===== STORED DATA

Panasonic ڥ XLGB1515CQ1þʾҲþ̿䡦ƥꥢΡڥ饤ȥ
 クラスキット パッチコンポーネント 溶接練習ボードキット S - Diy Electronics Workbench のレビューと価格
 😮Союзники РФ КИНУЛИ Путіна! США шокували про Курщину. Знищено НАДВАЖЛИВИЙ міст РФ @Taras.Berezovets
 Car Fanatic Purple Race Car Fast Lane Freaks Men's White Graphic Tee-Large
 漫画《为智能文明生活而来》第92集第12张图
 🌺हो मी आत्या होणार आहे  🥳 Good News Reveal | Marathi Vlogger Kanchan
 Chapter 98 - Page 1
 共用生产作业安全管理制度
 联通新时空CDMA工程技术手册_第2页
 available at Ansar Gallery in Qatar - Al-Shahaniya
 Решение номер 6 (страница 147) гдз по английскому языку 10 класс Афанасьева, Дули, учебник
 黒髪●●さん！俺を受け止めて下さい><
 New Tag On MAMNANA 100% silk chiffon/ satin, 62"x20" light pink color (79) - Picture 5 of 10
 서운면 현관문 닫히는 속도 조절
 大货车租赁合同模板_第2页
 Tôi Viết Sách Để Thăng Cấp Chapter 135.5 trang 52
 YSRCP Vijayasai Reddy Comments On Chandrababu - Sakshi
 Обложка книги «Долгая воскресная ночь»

==========

Would you write out all the records exactly as they read?

→ **EXERCISE ANSWER**:
Panasonic ڥ XLGB1515CQ1þʾҲþ̿䡦ƥꥢΡڥ饤ȥ
 クラスキット パッチコンポーネント 溶接練習ボードキット S - Diy Electronics Workbench のレビューと価格
 😮Союзники РФ КИНУЛИ Путіна! США шокували про Курщину. Знищено НАДВАЖЛИВИЙ міст РФ @Taras.Berezovets
 Car Fanatic Purple Race Car Fast Lane Freaks Men's White Graphic Tee-Large
 漫画《为智能文明生活而来》第92集第12张图
 🌺हो मी आत्या होणार आहे  🥳 Good News Reveal | Marathi Vlogger Kanchan
 Chapter 98 - Page 1
 共用生产作业安全管理制度
 联通新时空CDMA工程技术手册_第2页
 available at Ansar Gallery in Qatar - Al-Shahaniya
 Решение номер 6 (страница 147) гдз по английскому языку 10 класс Афанасьева, Дули, учебник
 黒髪●●さん！俺を受け止めて下さい><
 New Tag On MAMNANA 100% silk chiffon/ satin, 62"x20" light pink color (79) - Picture 5 of 10
 서운면 현관문 닫히는 속도 조절
 大货车租赁合同模板_第2页
 Tôi Viết Sách Để Thăng Cấp Chapter 135.5 trang 52
 YSRCP Vijayasai Reddy Comments On Chandrababu - Sakshi
 Обложка книги «Долгая воскресная ночь»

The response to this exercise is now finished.